Needless to say, my 30s have been rough and lackluster. My plans of pursuing a career in Foreign Service following the Peace Corps never came to fruition, due to various health issues. Only recently did I have a bit of success, launching Red Tess Freelance, LLC and getting a certificate from Boston University. But by no means was this a Plan B I had in mind. It is not a secret that I struggle with depression. I challenge you to find one writer or artist worth his craft who hasn’t combatted personal demons at some point. I’ve finally accepted that this constant battle is my reality. It’s beyond me how scientists can discover a way to put men on the moon, but they can’t figure out the human brain. But maybe that’s the complex beauty of the mind; like life itself, it’s not meant to ever be fully understood.
I’ve spent most of my life in school. Sure, I have multiple pieces of stamped paper formally acknowledging my educational accomplishments. Studying always came easy to me.
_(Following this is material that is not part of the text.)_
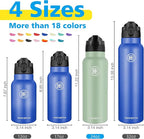 Han's Bottle Sports Water Bottle - 24 Oz - Image 2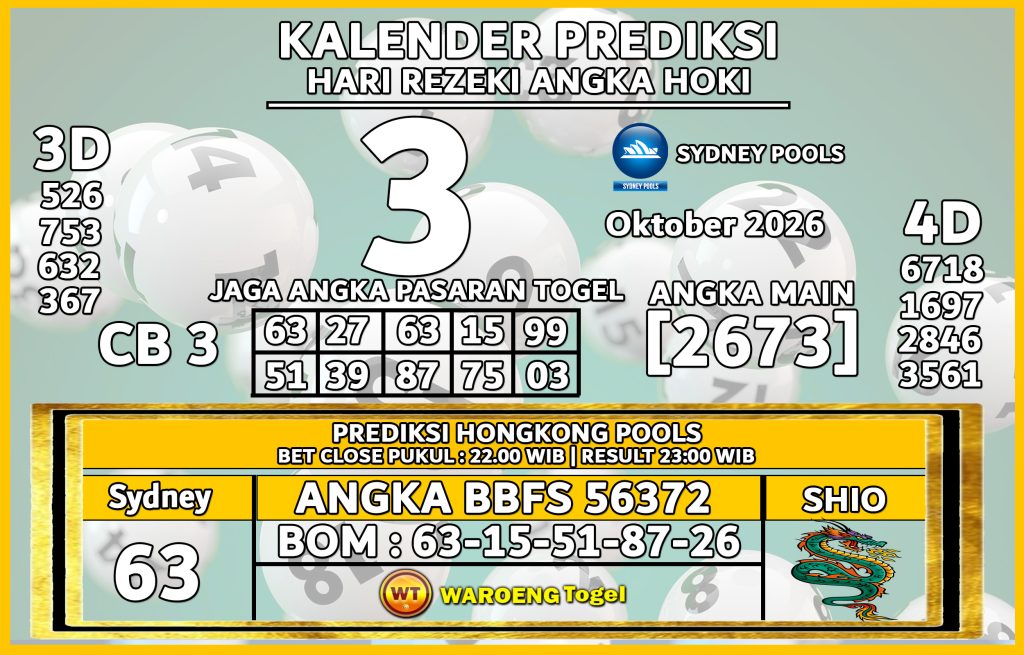 Prediksi Togel Bocoran SDY Sabtu 3 Oktober 2026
That’s great and all, but there are some things you can’t learn behind a desk or in the field. What happens when the books close? Professors neglected to teach one fundamental skill: how to exist as more than what you “do” for a living (try telling that to DC folks). When you’re raised to be competitive, it’s hard not to compare yourself to your peers. It’s difficult not to dismiss what “society” judgmentally considers “normal” for people my age. I’ve failed the “game of life” because I’m nowhere near being married with kids and a mortgage. I’m just not going to stand for that. It would be disingenuous of me to say that now that I’m 35 those musings will be completely eradicated from my mind; however, I can maintain with certainty that from this point on I’ll try my damnedest to keep them at bay. There is no report card for life and there most assuredly is not a study guide. I’ve got enough gold stars and A’s to last a lifetime so maybe this year a “B” is just fine (B for brave, bodacious, balanced, bright, and better!).
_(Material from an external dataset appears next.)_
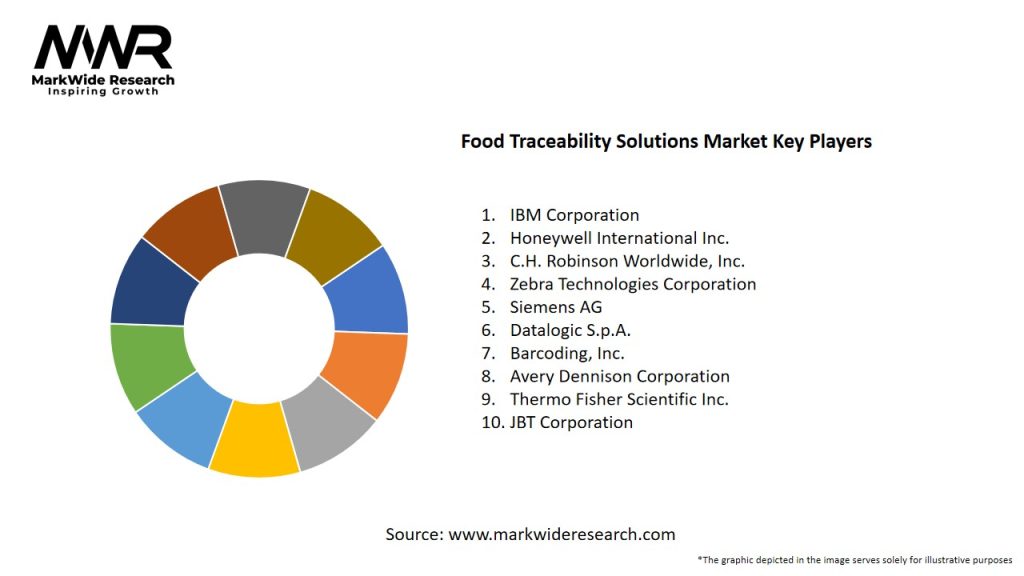 Food Traceability Solutions Market Key Players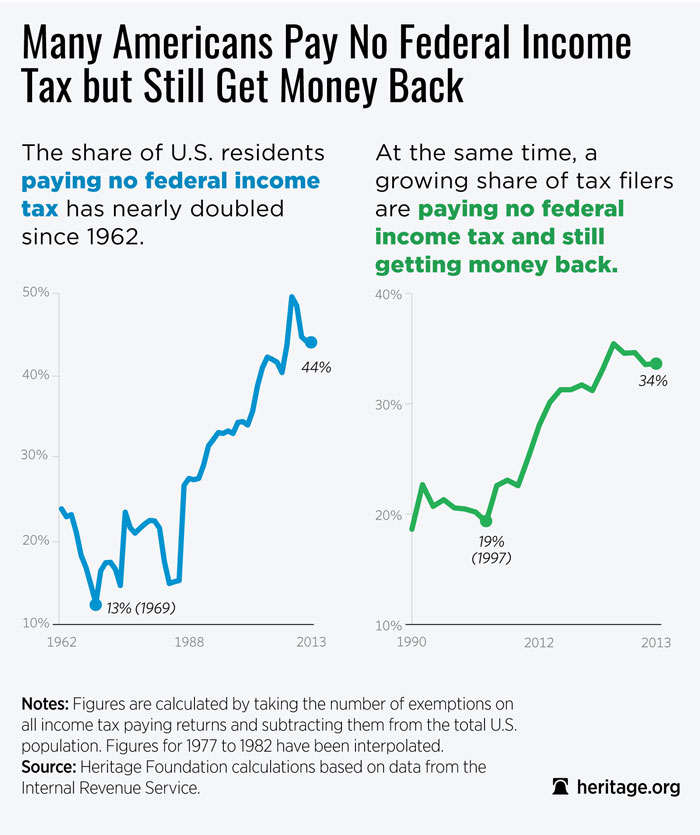 DS-IRS-non-federal-income-tax-chart-1_700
Over the course of the past year I’ve come to finally embrace & understand the concept that life is NOT a race. I received one of Little Golden Books as a child (and still have as an adult) called “Henry and Theresa’s Race.” Not only did the author spell my name correctly (ha), but he also delivered an inspiring message that seemed directed to me. “Hooray for Theresa! [She] won the race!” the animals shouted. “How can that be?” asked Henry Hare. “I run so fast, and Theresa Tortoise walks so slowly.” Well, Theresa put him in his place yet again acknowledging: “You may run fast, but you stopped before you were finished. I did not stop until I got here.” Wise old Samuel Owl took both Theresa and Henry under his wings and instructed them both: “Fast is not always best. Sometimes slow and steady wins the race.” Well, the past four years have felt as slow as molasses in January and I wonder at times whether I have gotten anywhere. There are elements of life that are simply immeasurable though. What I know to be true is that I’ve been working diligently on strengthening my mind, my body, and my relationships. (That last sentence is what one very wise, longtime friend of mine would call an “affirmation.” Everybody – no matter what age – needs those in their lives.)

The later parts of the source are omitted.